Make It Impossible for the Bad Guys to Win

The most important thing you can do is to set up two-factor authentication -- or 2FA, as it is known in cybersecurity circles –- which creates up an extra authentication step in your log-in procedure. Without 2FA, your username and password are your single line of defense against unauthorized access.

With 2FA enabled, a second, almost unbeatable factor is added to gain access. That extra factor can be a text message sent to your phone containing a special one-time code that you have to enter to access your account. Since most people realize very quickly the loss of their phone and take immediate steps with their carrier to have it disabled, it makes defeating this type of 2FA unlikely.

Technology on the Consumer's Side

Some financial institutions -- such as Vanguard, which has over $3 trillion in assets under management -- have taken the 2FA concept in the direction of science fiction.

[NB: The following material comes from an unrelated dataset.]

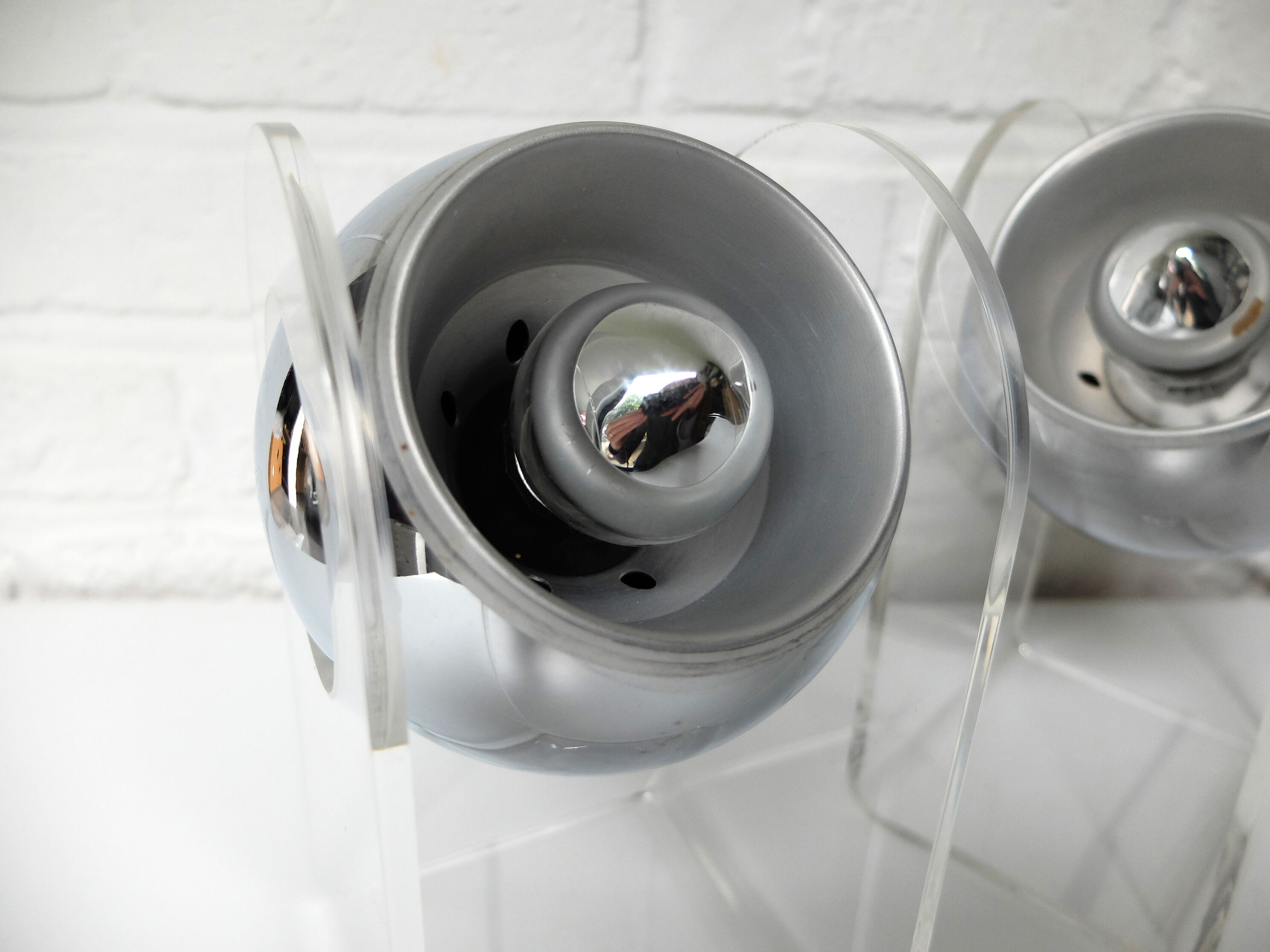 Space Age  sphere plexiglass table lamps pair, 1960-70s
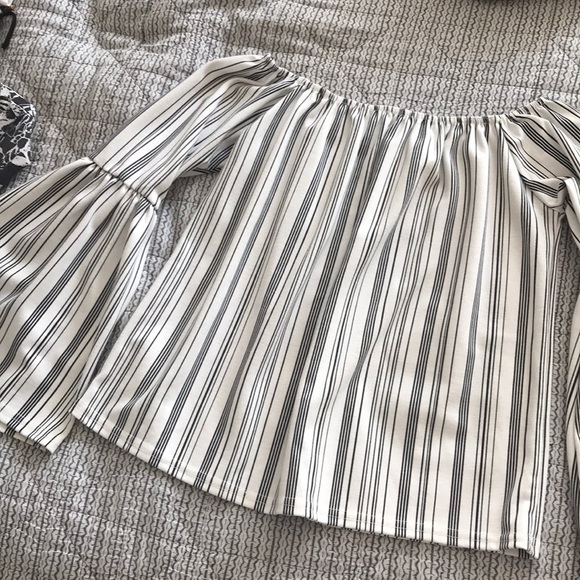 Boohoo Tops - Boohoo black & white striped off the shoulder top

Using extremely sophisticated voiceprint technology, Vanguard customers can record a short phrase that becomes linked to their accounts and must be replicated to have any transactions approved.

This makes illicit activity in your account almost impossible since the criminals would have to have all your personal information and a recording of your voice. Higher-tech forms of 2FA used at other institutions include fingerprint readers and optical scanners that scan the iris.

Increasingly, consumers will be prompted to set up 2FA on their accounts, but it is far from commonplace, so contact your financial institutions and ask them how you can set up this extra layer of protection so that you don't fall victim to cyber theft.